Paweł dalej instruuje ich, jak mogą wspierać takie życie – po prostu dbając o własne interesy. Na pierwszy rzut oka może się to wydawać innym akcentem niż braterska miłość, którą Paweł właśnie zalecał; ale oczywiście, naprawdę dbanie o swój własny biznes, jak powinieneś, jest kochaniem ludzi wokół ciebie. Istnieje duża różnica między bezinteresownością, która stoi za stawianiem potrzeb innych przed własnymi, a egoizmem, który stoi za Twoją zawsze potrzebą bycia pierwszym, który usłyszy, lub pierwszym, który coś powie; lub obrażaniem się, jeśli nie słyszałeś, a obrażaniem się, jeśli masz. Zanim poszukasz lub zaoferujesz informacje o kimś innym, nie zaszkodzi czasem po prostu zadać sobie pytanie: „Czy muszę to wiedzieć? Czy ta osoba musi to wiedzieć?”Nie zrozumcie mnie źle, jako chrześcijanie, powinniśmy troszczyć się o życie innych, ale powinniśmy to robić, rozmawiając ze sobą bezpośrednio z pokornej miłości i troski, a nie mówiąc krytycznie o sobie nawzajem z zadowolonej z siebie obłudy, która zawsze wie lepiej.

kolejną częścią tej miłości była praca własnymi rękami. Zauważ, że Paweł powiedział im również, aby ostrzegali bezczynnych (5:14). Był to ewidentnie prawdziwy i narastający problem w Kościele w Tesalonice. Dlatego Paweł musiał ostrzec ich ponownie, w następnym liście, aby trzymali się z dala od bezczynnych (2Thess. 3:6-12).

widzisz, według wersetu 12, troska Pawła polega na tym, aby zdobyć szacunek innych–i nie przynieść dodatkowych obrażeń ludziom słyszącym Ewangelię — aby nikomu nic nie byli winni (por. Rzymian 13: 8). Uzależnienie się od kogoś innego może nie tylko być złym świadkiem, ale może również niepotrzebnie hamować ich wolność świadectwa dla osób z zewnątrz i zakłócać spokój relacji między ludźmi wewnątrz kościoła(tak Paweł w II Th. 3: 11 łączy bycie bezczynnym i bycie wścibskim).

Czy widzisz związek między braterską miłością & spokojne życie? Po prostu jest to miłująca rzecz, aby nie być uciążliwym dla braci lub skandalicznym dla innych.

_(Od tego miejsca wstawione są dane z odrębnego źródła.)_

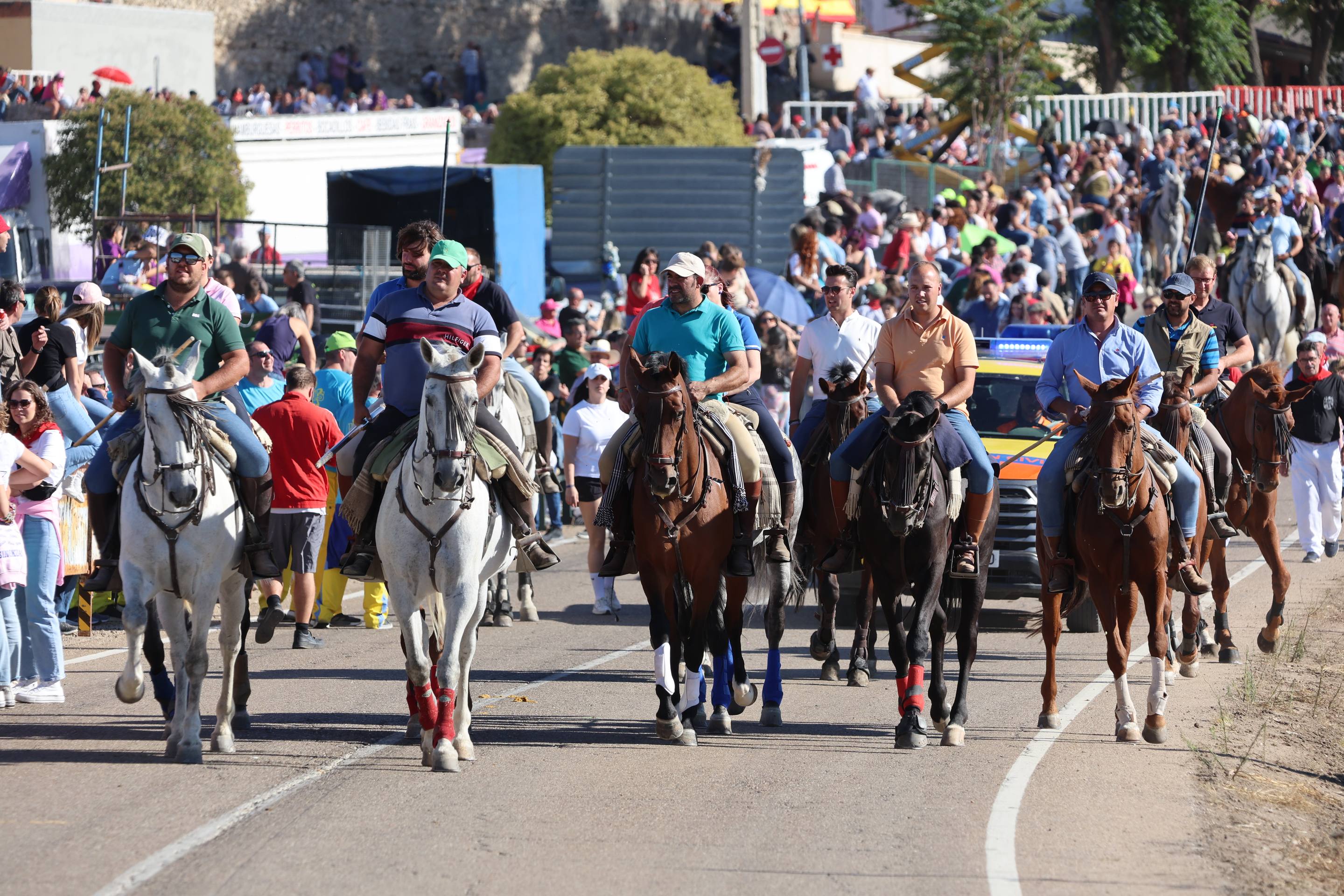 El encierro en Olmedo, en imágenes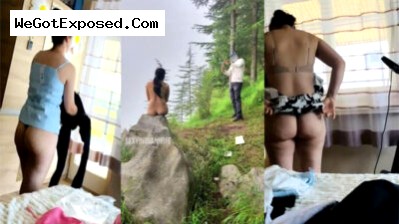 Hot Young Vovecouple wife fucked outdoor jungle area viral mms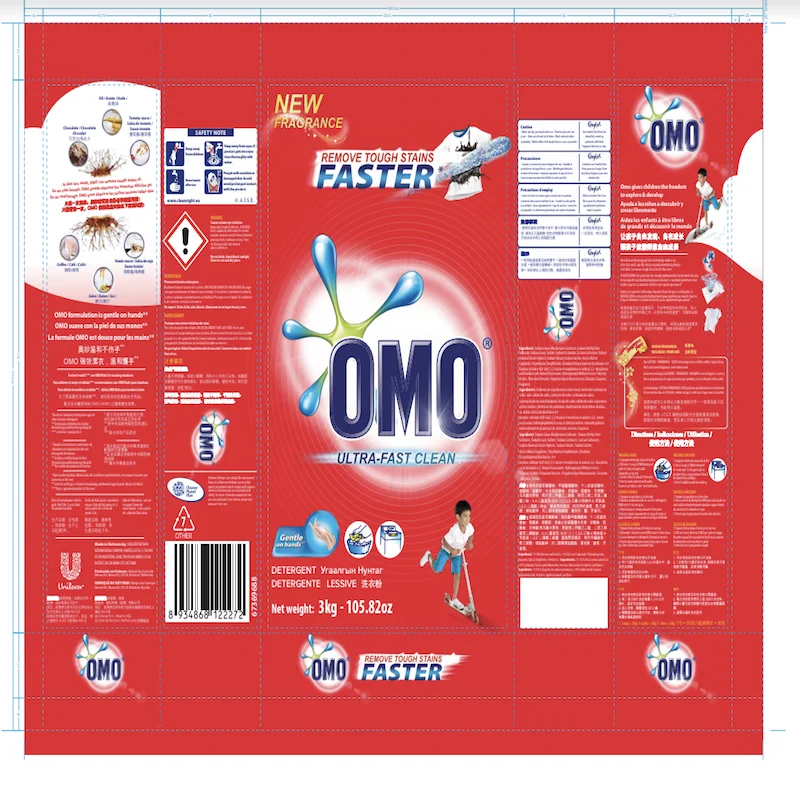 High Quality Natural Fragrance Ultra Fast Clean & Anti Bacteria Washing Powder Laundry Detergent in 3kg Bags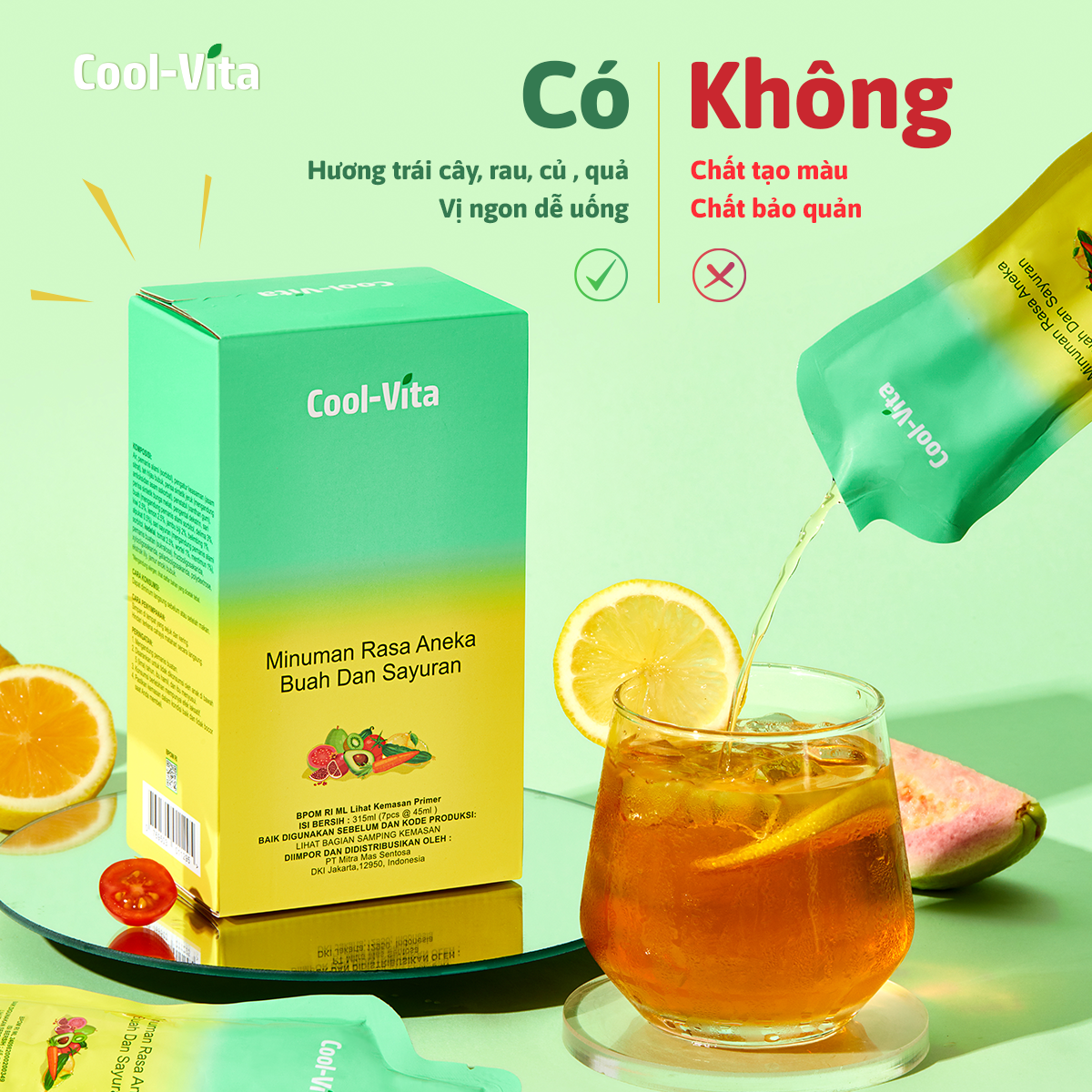 Combo Bộ Collagen Uống Hỗ Trợ Trẻ Hóa Sáng Da & Enzyme Chiết Xuất Từ Trái Cây và Rau Củ Hỗ Trợ Tiêu Hoá, Thanh Lọc Cơ Thể Coolvita (2 Hộp)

w tym wszystkim Paweł pouczył ich, jak żyć jako rosnący uczeń, jako rosnący Kościół, wzrastający w świętości i wzrastający w miłości.

podsumowanie

To jest przykład apostoła Pawła dla nas, co zrobić, aby pomóc Kościołowi wzrastać. Czy zwróciłeś uwagę na to, co zrobił Paweł, kiedy chciał zobaczyć, jak ten kościół rośnie? Zrobił to, co powinieneś zrobić, jeśli chcesz zobaczyć, jak rośnie twój kościół lub jakikolwiek inny kościół – wstawił się za nimi, aby byli święci i kochający, błagał ich, aby byli święci i kochający i pouczył ich, jak być świętymi i kochającymi.

to nie przypadek, że Paweł tak troszczył się o tych chrześcijan, aby byli święci i kochający. Ponieważ Bóg powołał Kościół razem, aby był obrazem, odzwierciedleniem jego charakteru. Tak więc będąc świętymi i miłującymi, Ci chrześcijanie odzwierciedlaliby charakter ich ojca, który okazał się być, być może bardziej niż cokolwiek innego, Świętym i miłującym.

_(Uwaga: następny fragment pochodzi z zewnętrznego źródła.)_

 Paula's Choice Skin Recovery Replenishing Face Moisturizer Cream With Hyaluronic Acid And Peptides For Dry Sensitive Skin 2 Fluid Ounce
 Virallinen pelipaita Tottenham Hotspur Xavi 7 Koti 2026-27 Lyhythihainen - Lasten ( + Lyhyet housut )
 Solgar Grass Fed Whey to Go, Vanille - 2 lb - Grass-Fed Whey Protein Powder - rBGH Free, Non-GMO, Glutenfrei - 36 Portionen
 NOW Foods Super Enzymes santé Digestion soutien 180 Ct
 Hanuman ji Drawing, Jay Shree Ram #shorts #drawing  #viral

droga do bycia rosnącym kościołem polega na odzwierciedleniu charakteru tego, który powołał nas do bycia kościołem w pierwszej kolejności. Po tym wszystkim, jeśli nie zamierzamy tego zrobić, i tak nie rośniemy, bez względu na to, jak wielu ludzi może się pojawić.

Jeśli wzrastamy jako chrześcijanie lub jako kościoły, wzrastamy dla Jego chwały–Nie naszej własnej. I myślę, że w ten sposób zobaczymy prawdziwy wzrost. Posłuchaj końcowej modlitwy Pawła do Tesaloniczan na końcu tego listu (5: 23-24): „niech sam Bóg, Bóg pokoju, uświęci Cię na wskroś. Niech cały twój duch, dusza i ciało będą nienaganne na przyjście Pana Naszego Jezusa Chrystusa. Ten, kto cię wzywa, jest wierny i zrobi to.”Na koniec dnia, nasz wzrost w świętości jest obietnicą.

Dodaj komentarz

Twój adres e-mail nie zostanie opublikowany.